Today we continue our literary tour of the United States by looking at some of the best books from Connecticut. This New England state is known for its beautiful coastal towns, charming cities and villages, and for being home to the illustrious Yale University. But Connecticut is more than just its collegiate connections. It is both rural and urban, coastal and pastoral. Some of the best Connecticut books hone in on these details that make the state stand out. Join us as we take a closer look at two books set in Connecticut that—through gorgeous detail—embody some of what makes The Constitution State special.

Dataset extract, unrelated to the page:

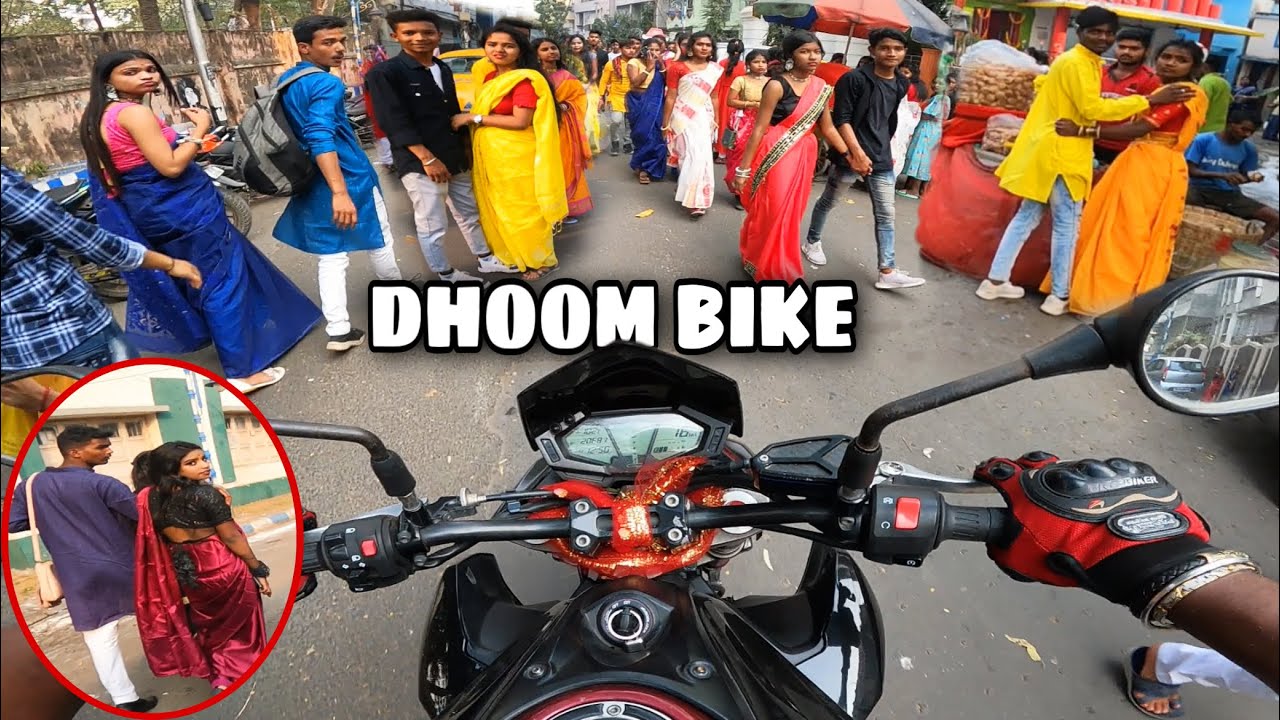 Cute Girls & Couples Reaction on New Superbike😍Saraswati Puja!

The Witch of Blackbird Pond by Elizabeth George Speare
Elizabeth George Speare's 1958 young adult novel The Witch of Blackbird Pond earned a Newbery Medal for its gorgeous depiction of life in 17th century Connecticut. While not a Connecticut native herself, Speare still hailed from New England, specifically Massachusetts, and her familiarity with the area shines through in the book.
Many of the places mentioned in the novel, such as the eponymous Blackbird Pond, which has since been renamed Wethersfield Cove, and the Congregational Church, are actual places in Wethersfield.
The following passage showcases Speare's prose and details the unique experience of autumn in New England, the season for which the region is best known:
The maple tree in front of the doorstep burned like a gigantic red torch. The oaks along the roadway glowed yellow and bronze. The fields stretched like a carpet of jewels, emerald and topaz and garnet. Everywhere she walked the color shouted and sang around her. The dried brown leaves crackled beneath her feet and gave off a delicious smoky fragrance. No one had ever told her about autumn in New England. The excitement of it beat in her blood. Every morning she woke with a new confidence and buoyancy she could not explain. In October any wonderful unexpected thing might be possible.
Revolutionary Road by Richard Yates
Richard Yates' 1961 novel of a suburban New England marriage, Revolutionary Road, was a finalist for the National Book Award and was adapted into a critically acclaimed film starring Kate Winslet and Leonardo DiCaprio. The novel is considered by many to be his greatest work.
Besides being impeccably written, the novel turns an unflinching eye toward the loneliness that can exist inside a marriage. Yates lived for a time in Connecticut and the following passage details an ideal view of life in New England for a an upper class, educated man in the 1960s as well as providing at atmospheric look at the eastern U.S.:
In the East, he then believed, a man went to college not for vocational training but in disciplined search for wisdom and beauty, and nobody over the age of twelve believed that those words were for sissies. In the East, wearing rumpled tweeds and flannels, he could have strolled for hours among ancient elms and clock towers, talking with his friends, and his friends would have been the cream of their generation. The girls of the East were marvelously slim and graceful; they moved with the authority of places like Bennington and Holyoke; they spoke intelligently in low, subtle voices, and they never giggled. On sharp winter evenings you could meet them for cocktails at the Biltmore and take them to the theater, and afterwards, warmed with brandy, they would come with you for a drive to a snowbound New England inn, where they’d slip happily into bed with you under an eiderdown quilt. In the East, when college was over, you could put off going seriously to work until you’d spent a few years in a book-lined bachelor flat, with intervals of European travel, and when you found your true vocation at last it was through a process of informed and unhurried selection; just as when you married at last it was to solemnize the last and best of your many long, sophisticated affairs.